■ **What you will do**: State, as a number alone, how many lines of the data contain the string "para".

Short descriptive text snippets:
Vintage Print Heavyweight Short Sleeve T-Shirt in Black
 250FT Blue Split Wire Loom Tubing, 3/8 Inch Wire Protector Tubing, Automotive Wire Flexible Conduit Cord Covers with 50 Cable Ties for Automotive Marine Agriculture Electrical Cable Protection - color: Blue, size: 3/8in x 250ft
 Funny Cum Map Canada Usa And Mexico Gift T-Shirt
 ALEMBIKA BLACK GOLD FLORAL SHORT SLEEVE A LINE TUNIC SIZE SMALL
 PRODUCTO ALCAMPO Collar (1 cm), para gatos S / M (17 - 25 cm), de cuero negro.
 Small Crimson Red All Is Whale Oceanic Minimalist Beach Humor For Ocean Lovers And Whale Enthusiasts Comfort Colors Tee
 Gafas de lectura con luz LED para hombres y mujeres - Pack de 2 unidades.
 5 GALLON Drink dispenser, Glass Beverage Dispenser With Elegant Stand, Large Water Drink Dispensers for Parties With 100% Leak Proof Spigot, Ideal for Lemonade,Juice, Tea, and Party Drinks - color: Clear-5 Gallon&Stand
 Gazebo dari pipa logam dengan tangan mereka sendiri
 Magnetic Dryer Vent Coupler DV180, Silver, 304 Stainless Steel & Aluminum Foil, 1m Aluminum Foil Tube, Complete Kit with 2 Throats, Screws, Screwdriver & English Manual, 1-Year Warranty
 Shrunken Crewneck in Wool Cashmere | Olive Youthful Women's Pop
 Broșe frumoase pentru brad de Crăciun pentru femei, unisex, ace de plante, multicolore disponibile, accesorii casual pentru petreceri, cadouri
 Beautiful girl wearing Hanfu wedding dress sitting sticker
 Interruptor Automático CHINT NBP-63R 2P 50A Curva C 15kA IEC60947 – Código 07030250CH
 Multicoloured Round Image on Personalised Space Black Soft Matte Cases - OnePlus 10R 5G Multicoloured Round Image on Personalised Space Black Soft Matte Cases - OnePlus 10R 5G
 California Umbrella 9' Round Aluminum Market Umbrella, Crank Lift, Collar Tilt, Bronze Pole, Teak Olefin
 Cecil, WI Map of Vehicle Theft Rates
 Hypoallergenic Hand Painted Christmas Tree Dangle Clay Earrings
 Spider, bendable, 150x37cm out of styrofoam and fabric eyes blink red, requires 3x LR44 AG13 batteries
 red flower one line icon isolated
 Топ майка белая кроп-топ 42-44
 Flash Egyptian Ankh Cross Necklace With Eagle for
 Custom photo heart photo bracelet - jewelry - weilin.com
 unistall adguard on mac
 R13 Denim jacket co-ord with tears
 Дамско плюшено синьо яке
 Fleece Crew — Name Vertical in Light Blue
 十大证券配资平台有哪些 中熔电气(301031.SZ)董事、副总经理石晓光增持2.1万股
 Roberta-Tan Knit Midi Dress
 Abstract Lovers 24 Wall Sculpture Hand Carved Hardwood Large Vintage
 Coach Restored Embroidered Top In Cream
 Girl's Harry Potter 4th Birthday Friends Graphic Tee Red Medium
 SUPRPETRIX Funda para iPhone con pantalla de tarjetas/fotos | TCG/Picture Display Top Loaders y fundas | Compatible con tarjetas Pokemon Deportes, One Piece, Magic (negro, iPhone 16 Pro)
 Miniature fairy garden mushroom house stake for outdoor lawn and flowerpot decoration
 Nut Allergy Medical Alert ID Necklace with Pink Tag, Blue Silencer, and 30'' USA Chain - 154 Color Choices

■ **Result**: 3